Mich würde mal interessieren, wie viele Versuche der begnadete Maler Leonardo da Vinci wohl gebraucht hat, bis seine Mona Lisa fertig war. Oder wie viele schlaflose Nächte der zweifellos talentierte Komponist Vivaldi bewältigen musste, bevor sein Werk “Die vier Jahreszeiten“ aufgeführt werden konnte. Wie viele Schreibblockaden hat J.K. Rowling eigentlich, bevor das Manuskript zu Harry Potter in die Buchläden geliefert wurde?

DAS sind doch die wirklich interessanten Phasen. Am Anfang steht ein großes Ziel und dann geht’s los. Da gibt’s immer wieder Momente, in denen der Künstler sagt: „Nee, jetzt reicht´s. Das ist mir zu viel! Schon wieder vermalt oder verspielt … Das schaffe ich nie“, aber auch Lichtblicke, die zeigen: „Ja, die Richtung stimmt, weitermachen!“

Und der Grund, warum diese Menschen nach Niederlagen oder Enttäuschungen nicht aufgegeben haben, warum sie immer wieder aufgestanden sind und sich nicht entmutigen ließen war der Glaube und das Vertrauen in das Projekt! Dieser Glaube ist manchmal ein kleiner Funke, manchmal ein loderndes Feuer, er ist aber immer da. Manchmal hat sich der Künstler selbst motiviert, oft kam der Zuspruch von anderen Menschen.

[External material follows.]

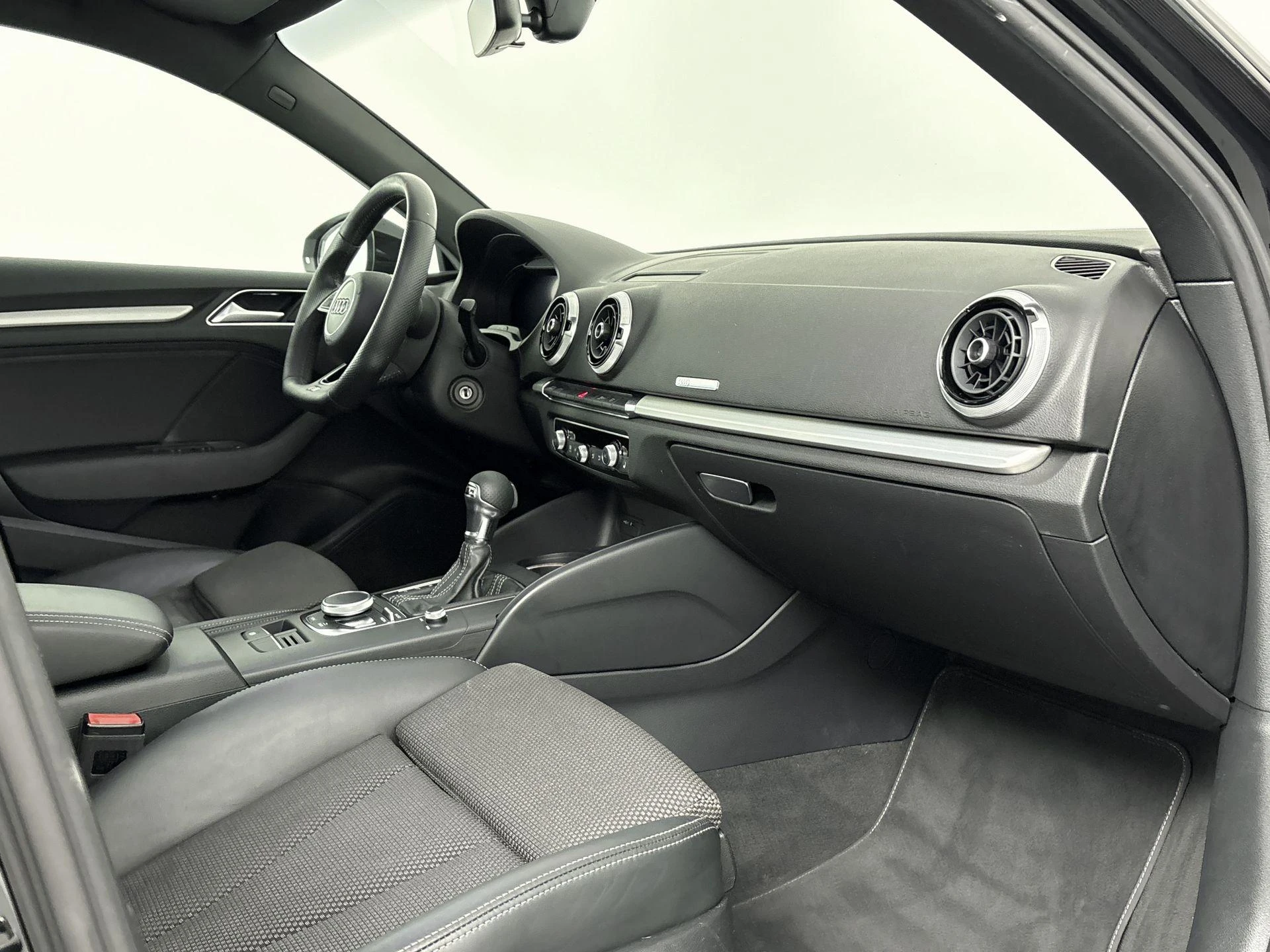 Audi-A3-image-9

Ich wünsche Ihnen heute eine gehörige Portion von diesem Glauben an ihr Leben, an ihren Lebenstraum, auch wenn er gerade in weiter Ferne liegt oder zu zerbrechen scheint. Ich wünsche ihnen einen neuen Funken, der ihnen das Vertrauen wiederbringt und ich wünsche ihnen dafür das wertvollste, was ich in meinem Leben kennen gelernt habe: Gottes Segen!